The answer must reproduce every record exactly, with all pictures omitted.

________________________________________

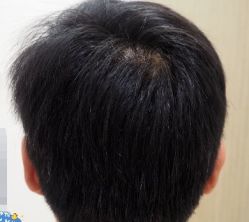 -大麦微针植发丨全国连锁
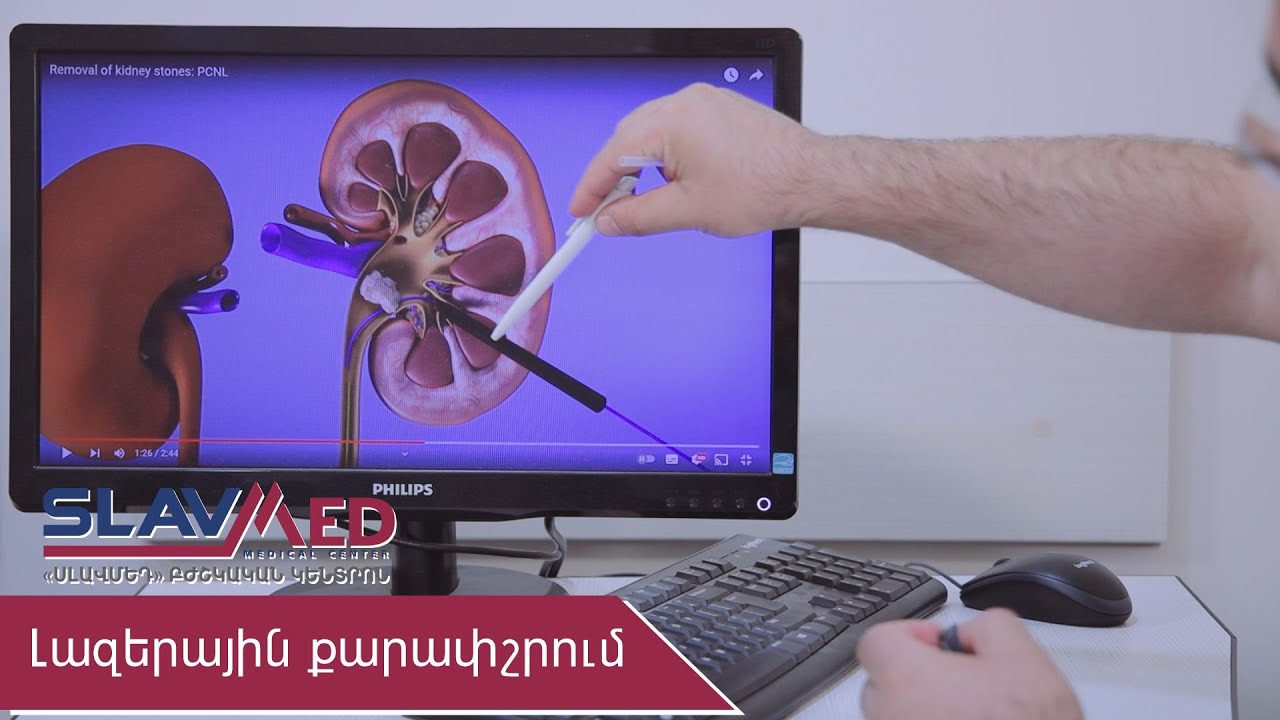 Լազերային քարափշրում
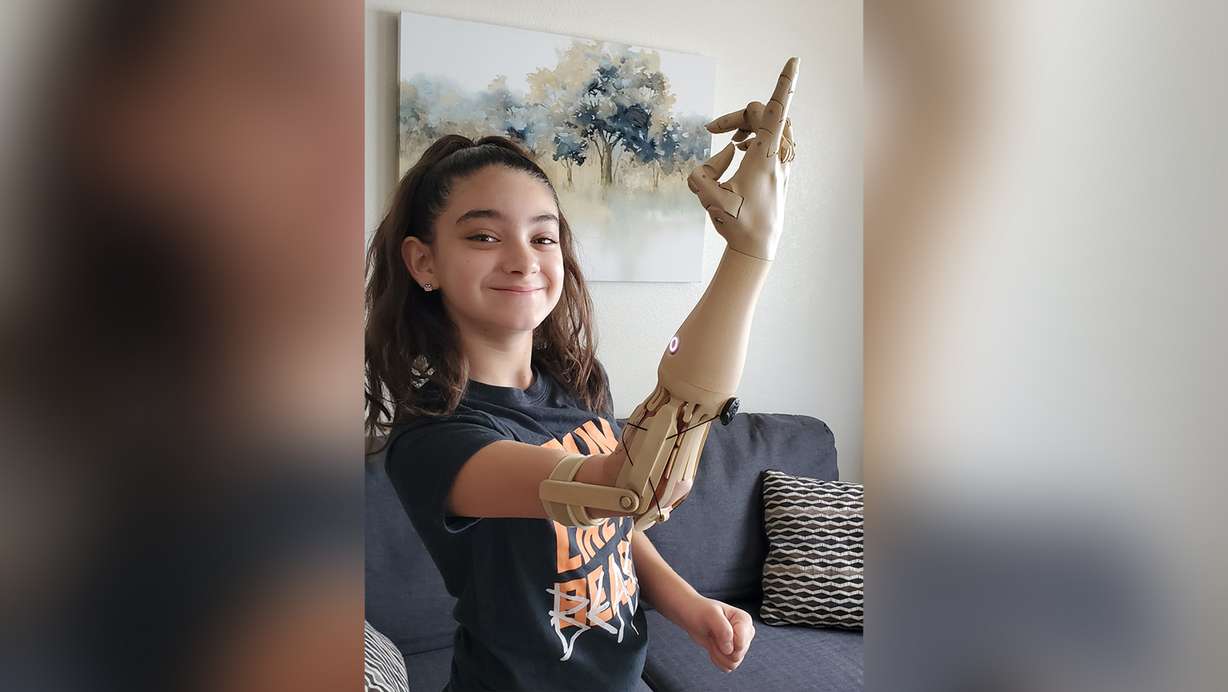 Natasha Castrejon, 9, uses TrueLimb to help her with her physical needs.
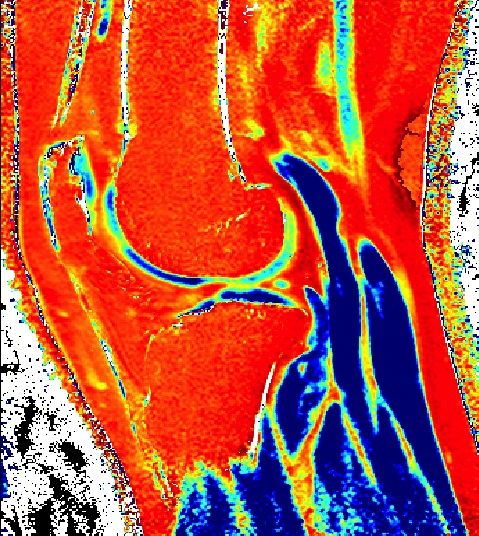 File:T1 Map of cartilage.jpg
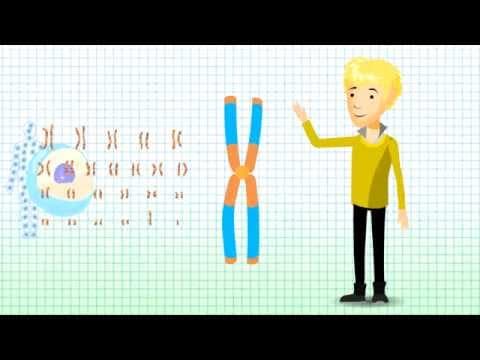 Thumbnail for Understanding Chromosomal Translocation - Robertsonian Translocation v1.2 by UCD Medicine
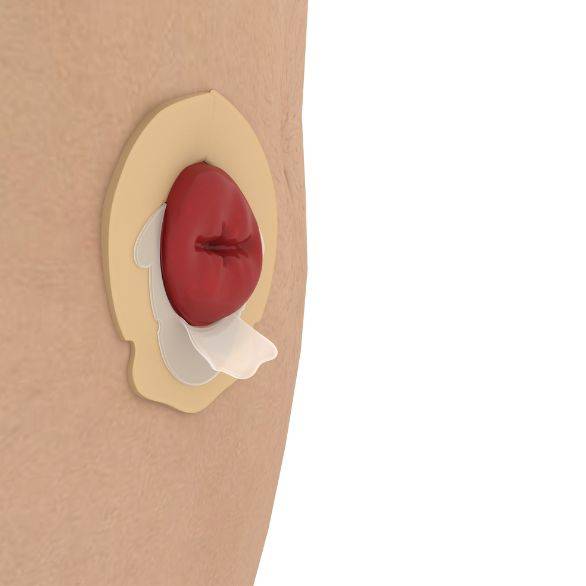 Ostoform Flowassist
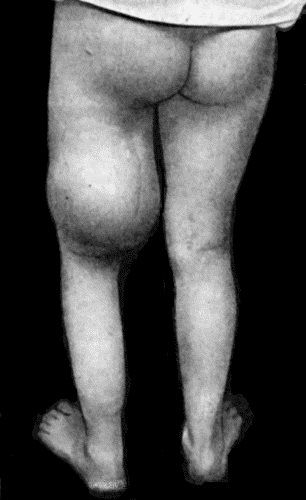 Fig. 55.—Recurrent Sarcoma of Sciatic Nerve in a woman t.27. Recurrence twenty months after removal of primary growth.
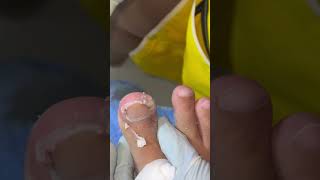 Ep_8186 Ingrown toenail removal 👣 กดแบบนี้โล่งไหม..โล่งมากครับ 😄 (clip from Thailand)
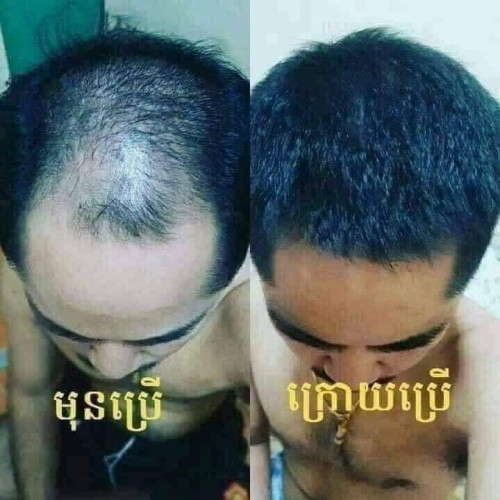 ផលិតផល kp hairស្រ្ពាយបាញ់បណ្ដុះសក់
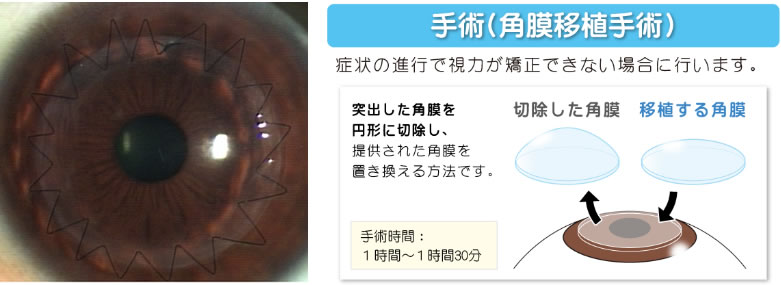 ステージ 3: 進行した円錐角膜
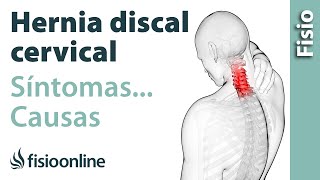 ¿Qué es la hernia discal cervical y cuáles son sus causas y síntomas [upl. by Yun371]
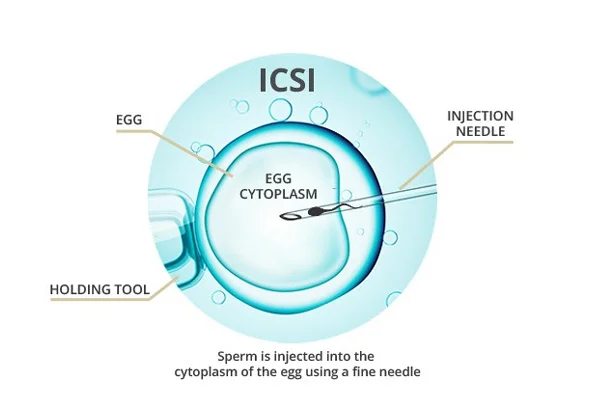 ICSI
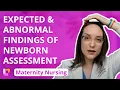 Expected and Abnormal Findings of Newborn Assessment - Maternity Nursing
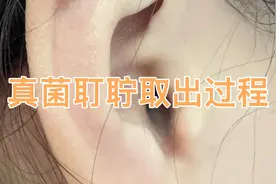 真菌性外耳道炎耵聍取出过程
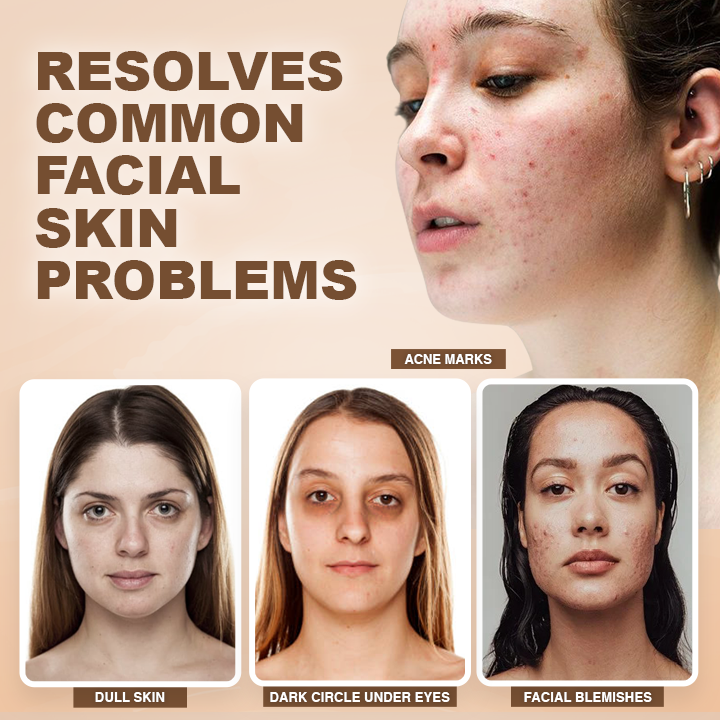 LIMETOW™  Luxury Concealer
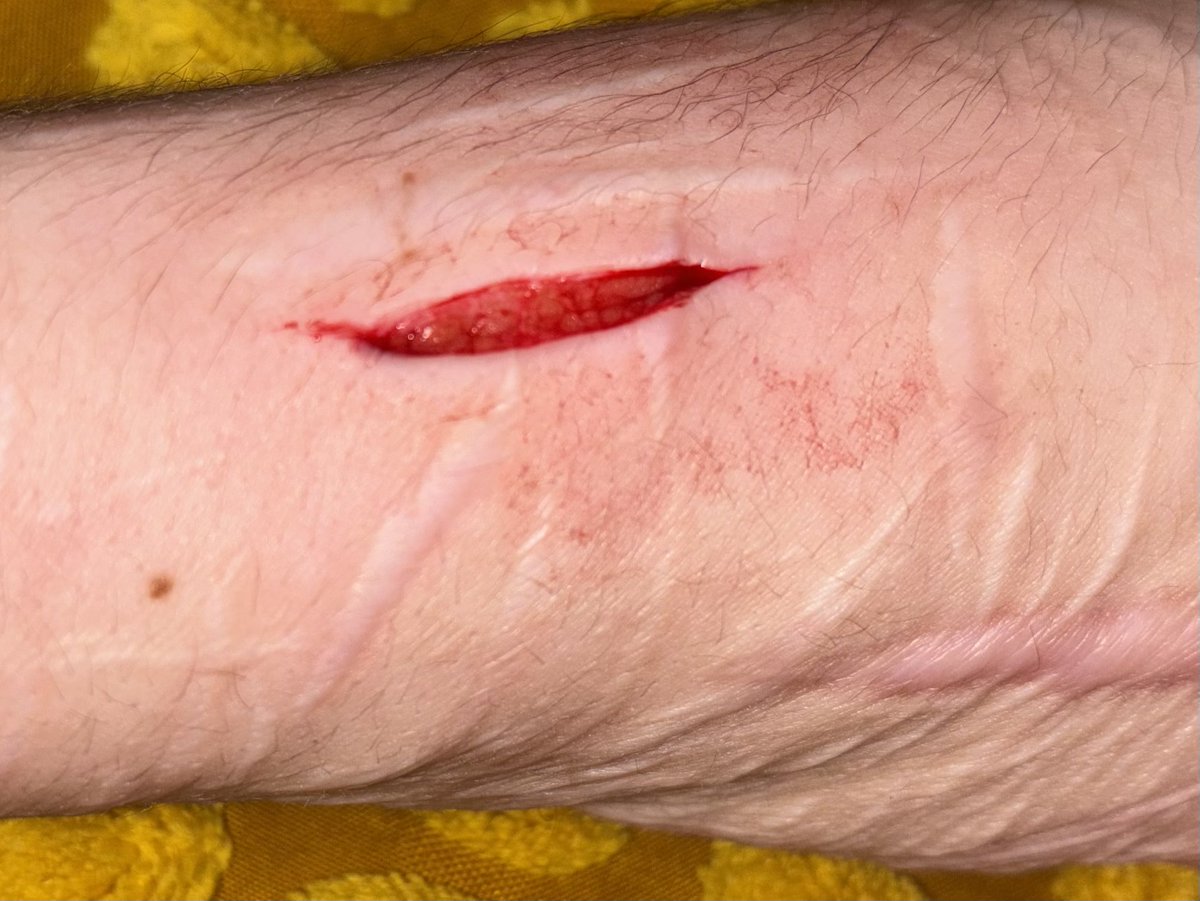 slitzblades's tweet photo. found a dull blade and i did ts sigh it's so small but it bled sm a pain in the ass tbh https://t.co/tqXbMVrpJN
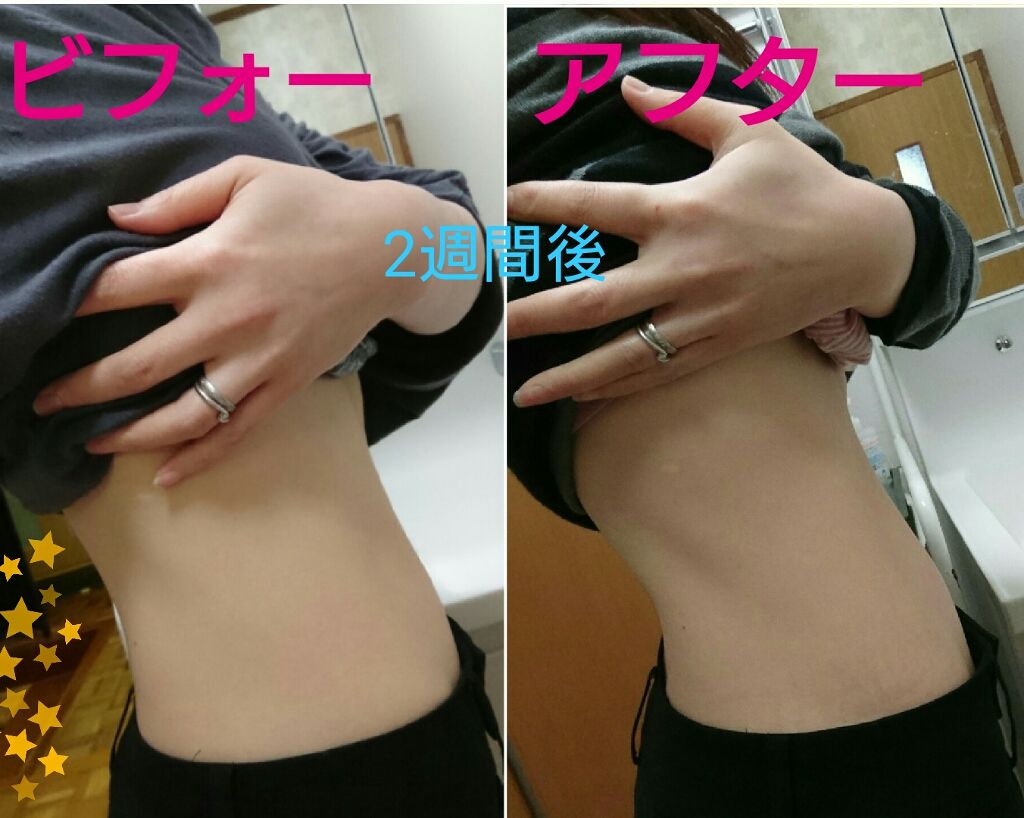 もち麦ごはん/はくばく/食品を使ったクチコミ（2枚目）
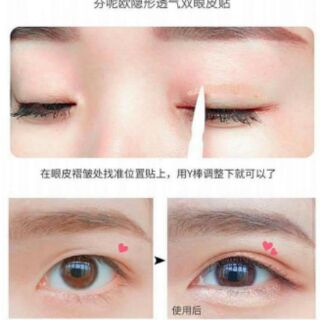 Cuộn 300 miếng dán kích mí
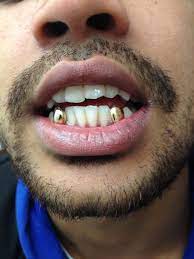 Dental crowns are caps placed on top of damaged teeth. Gold Grillz Grillz Gold Teeth Gold Grillz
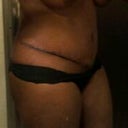Right side 2 wks PO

________________________________________

Answer for the task:
 -大麦微针植发丨全国连锁
 Լազերային քարափշրում
 Natasha Castrejon, 9, uses TrueLimb to help her with her physical needs.
 File:T1 Map of cartilage.jpg
 Thumbnail for Understanding Chromosomal Translocation - Robertsonian Translocation v1.2 by UCD Medicine
 Ostoform Flowassist
 Fig. 55.—Recurrent Sarcoma of Sciatic Nerve in a woman t.27. Recurrence twenty months after removal of primary growth.
 Ep_8186 Ingrown toenail removal 👣 กดแบบนี้โล่งไหม..โล่งมากครับ 😄 (clip from Thailand)
 ផលិតផល kp hairស្រ្ពាយបាញ់បណ្ដុះសក់
 ステージ 3: 進行した円錐角膜
 ¿Qué es la hernia discal cervical y cuáles son sus causas y síntomas [upl. by Yun371]
 ICSI
 Expected and Abnormal Findings of Newborn Assessment - Maternity Nursing
 真菌性外耳道炎耵聍取出过程
 LIMETOW™  Luxury Concealer
 slitzblades's tweet photo. found a dull blade and i did ts sigh it's so small but it bled sm a pain in the ass tbh https://t.co/tqXbMVrpJN
 もち麦ごはん/はくばく/食品を使ったクチコミ（2枚目）
 Cuộn 300 miếng dán kích mí
 Dental crowns are caps placed on top of damaged teeth. Gold Grillz Grillz Gold Teeth Gold Grillz
Right side 2 wks PO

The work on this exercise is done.